Так или иначе, но из общей неправоты последнего, казалось бы, с необходимостью должна следовать правота Н. Александрова. В действительности же, по серьезном размышлении, никакого следования здесь обнаружить не удается.

Все дело в том, что Н. Славянский допускает непростительную ошибку, отказывая поэту в каком бы то ни было мировоззрении и осмысленности его поэзии. Чувствуя нечто совершенно противоречащее и чуждое его художественному вкусу, критик, к сожалению, так и не смог по существу разобраться в творчестве поэта и дать вполне адекватное обоснование своего неприятия. В свою очередь Н. Александров, без сомнения, положительно оценивает поэзию И. Жданова и предлагает некое ее осмысление. Однако вся беда в том, что сплошь благожелательная, апологичная оценка, данная им, стала возможной только благодаря заведомо ограниченному, слишком общему и даже схематичному в чем-то анализу творчества поэта. Ведь он даже не пытается начать разговор о подлинно мировоззренческих, религиозных, содержательно-личностных вопросах, с ним связанных, с первых же слов резко отсекая такую возможность следующим заявлением: «Теперь уже всякий знает, что, если не все, то весомое количество бед, как литературных, так и социальных, происходит от претензий русской классической литературы на глобальность, безусловную истину, что мессианский пафос отечественной словесности прямо привел к тоталитаризму, что всякого рода слова о “глубине”, “духовности”, “истине” суть проявления все того же тоталитарного (параноидального…) сознания».

«Всякий знает» – а если не знает, то должен знать. Логика безупречная! А если кто-то знает совсем другое, с подобными обобщениями (между прочим открывающими широкую улицу чему угодно, но только не «истине», «духовности» и «глубине»), не совпадающее, то – как прикажете быть? (Вот уж воистину: «…Свободных мыслей коноводы // Восточным деспотам сродни» (князь Вяземский).) И потом, имеют ли вообще какое-то ненадуманное отношение к самому И. Жданову такие явно пропагандистские убеждения?

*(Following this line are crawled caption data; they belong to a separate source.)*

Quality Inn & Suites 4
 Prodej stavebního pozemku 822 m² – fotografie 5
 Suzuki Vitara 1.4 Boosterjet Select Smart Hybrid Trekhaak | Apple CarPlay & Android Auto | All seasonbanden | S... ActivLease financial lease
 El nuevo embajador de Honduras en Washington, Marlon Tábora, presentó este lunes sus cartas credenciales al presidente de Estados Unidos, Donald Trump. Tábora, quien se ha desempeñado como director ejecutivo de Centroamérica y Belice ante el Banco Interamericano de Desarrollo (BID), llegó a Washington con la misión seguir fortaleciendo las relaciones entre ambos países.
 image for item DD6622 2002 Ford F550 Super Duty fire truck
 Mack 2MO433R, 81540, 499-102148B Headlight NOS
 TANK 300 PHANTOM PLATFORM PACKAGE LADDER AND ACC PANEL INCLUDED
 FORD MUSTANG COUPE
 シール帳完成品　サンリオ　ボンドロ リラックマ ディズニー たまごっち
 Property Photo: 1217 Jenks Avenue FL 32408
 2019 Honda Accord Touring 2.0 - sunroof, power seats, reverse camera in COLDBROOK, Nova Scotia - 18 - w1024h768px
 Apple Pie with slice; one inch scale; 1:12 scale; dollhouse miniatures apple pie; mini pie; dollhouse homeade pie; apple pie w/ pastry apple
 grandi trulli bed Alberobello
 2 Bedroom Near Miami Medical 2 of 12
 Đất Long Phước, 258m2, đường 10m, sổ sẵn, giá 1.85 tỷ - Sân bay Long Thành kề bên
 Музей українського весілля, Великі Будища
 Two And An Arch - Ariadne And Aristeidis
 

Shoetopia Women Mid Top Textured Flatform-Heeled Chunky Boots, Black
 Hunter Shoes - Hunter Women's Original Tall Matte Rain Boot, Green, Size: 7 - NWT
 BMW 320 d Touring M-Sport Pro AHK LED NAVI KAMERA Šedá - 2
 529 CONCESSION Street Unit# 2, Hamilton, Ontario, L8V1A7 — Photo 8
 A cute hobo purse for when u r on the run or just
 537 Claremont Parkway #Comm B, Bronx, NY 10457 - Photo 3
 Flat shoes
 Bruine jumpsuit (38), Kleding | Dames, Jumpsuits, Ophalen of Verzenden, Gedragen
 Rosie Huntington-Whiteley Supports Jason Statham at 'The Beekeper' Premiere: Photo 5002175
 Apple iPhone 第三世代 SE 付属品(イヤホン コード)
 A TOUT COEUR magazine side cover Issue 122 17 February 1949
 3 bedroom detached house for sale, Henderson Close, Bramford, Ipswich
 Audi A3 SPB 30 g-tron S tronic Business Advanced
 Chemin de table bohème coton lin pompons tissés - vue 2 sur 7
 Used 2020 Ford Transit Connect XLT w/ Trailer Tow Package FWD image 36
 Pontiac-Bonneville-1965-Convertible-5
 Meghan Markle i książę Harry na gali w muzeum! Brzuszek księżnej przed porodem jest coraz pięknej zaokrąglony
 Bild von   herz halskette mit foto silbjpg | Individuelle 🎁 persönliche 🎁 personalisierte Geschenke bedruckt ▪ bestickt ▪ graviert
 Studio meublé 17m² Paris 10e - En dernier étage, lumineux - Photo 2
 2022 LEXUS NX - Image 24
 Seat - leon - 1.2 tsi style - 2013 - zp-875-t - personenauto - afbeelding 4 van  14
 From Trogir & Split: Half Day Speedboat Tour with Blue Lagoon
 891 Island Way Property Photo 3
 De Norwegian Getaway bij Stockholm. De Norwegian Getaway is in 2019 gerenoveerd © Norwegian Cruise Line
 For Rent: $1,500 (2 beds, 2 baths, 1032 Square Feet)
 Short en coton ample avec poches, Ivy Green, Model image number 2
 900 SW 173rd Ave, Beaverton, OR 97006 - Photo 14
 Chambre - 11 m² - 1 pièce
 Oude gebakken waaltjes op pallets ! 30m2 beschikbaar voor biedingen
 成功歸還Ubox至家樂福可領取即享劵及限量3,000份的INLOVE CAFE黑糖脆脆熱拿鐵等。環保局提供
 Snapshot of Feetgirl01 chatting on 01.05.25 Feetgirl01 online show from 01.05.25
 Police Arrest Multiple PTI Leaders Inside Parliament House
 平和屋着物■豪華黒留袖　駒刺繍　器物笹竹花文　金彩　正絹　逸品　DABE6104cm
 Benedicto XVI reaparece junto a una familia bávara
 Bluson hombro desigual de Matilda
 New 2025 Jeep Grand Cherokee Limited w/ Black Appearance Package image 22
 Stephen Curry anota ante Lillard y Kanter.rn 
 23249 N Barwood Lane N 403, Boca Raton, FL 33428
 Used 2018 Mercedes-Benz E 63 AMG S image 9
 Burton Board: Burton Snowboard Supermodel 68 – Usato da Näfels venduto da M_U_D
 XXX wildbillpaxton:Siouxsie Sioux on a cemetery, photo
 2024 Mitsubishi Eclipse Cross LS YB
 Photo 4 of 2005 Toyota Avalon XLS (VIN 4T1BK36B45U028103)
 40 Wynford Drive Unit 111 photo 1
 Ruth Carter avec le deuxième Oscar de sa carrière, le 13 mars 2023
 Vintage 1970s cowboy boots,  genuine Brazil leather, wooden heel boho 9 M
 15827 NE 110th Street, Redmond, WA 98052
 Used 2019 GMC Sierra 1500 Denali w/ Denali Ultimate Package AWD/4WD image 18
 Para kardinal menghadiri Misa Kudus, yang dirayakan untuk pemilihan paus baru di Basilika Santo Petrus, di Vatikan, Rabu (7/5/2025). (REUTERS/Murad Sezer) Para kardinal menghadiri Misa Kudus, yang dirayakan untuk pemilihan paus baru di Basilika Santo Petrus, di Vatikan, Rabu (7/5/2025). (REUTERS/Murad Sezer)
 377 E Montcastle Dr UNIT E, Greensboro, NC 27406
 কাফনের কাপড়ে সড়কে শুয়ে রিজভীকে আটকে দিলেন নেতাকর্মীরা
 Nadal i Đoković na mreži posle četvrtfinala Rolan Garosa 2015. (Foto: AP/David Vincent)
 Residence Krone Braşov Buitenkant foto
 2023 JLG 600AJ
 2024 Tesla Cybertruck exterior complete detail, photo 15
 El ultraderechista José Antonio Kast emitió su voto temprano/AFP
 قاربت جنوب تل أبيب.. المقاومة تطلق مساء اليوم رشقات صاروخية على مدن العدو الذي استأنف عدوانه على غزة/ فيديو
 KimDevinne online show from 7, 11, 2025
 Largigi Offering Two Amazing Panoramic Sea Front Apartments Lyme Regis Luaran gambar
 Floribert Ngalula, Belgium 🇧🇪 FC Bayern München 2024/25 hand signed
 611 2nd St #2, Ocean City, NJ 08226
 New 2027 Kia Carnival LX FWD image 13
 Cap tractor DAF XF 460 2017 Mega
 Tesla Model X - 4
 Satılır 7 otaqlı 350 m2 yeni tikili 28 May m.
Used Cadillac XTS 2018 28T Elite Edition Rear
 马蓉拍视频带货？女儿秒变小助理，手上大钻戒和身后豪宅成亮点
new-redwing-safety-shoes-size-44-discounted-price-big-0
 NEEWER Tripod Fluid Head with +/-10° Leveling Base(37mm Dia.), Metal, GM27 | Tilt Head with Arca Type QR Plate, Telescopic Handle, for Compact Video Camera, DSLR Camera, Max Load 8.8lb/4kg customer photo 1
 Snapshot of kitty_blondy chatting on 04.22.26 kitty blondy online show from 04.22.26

В свое время Лев Толстой требовал от истинного искусства, от всякого истинного художника религиозного содержания, под которым понимал «не внешнее поучение в художественной форме каким-либо религиозным истинам и не аллегорическое изображение этих истин, а определенное, соответствующее высшему в данное время религиозному пониманию мировоззрение…» [30, с. 217]. Выходит, и это толстовское требование – всего лишь пример «параноидального сознания», которому мы обязаны многими литературными и социальными бедами, играющими густыми красками тоталитаризма, в недрах которого, кстати, позже каким-то парадоксальным образом зародилась поэзия того же И. Жданова?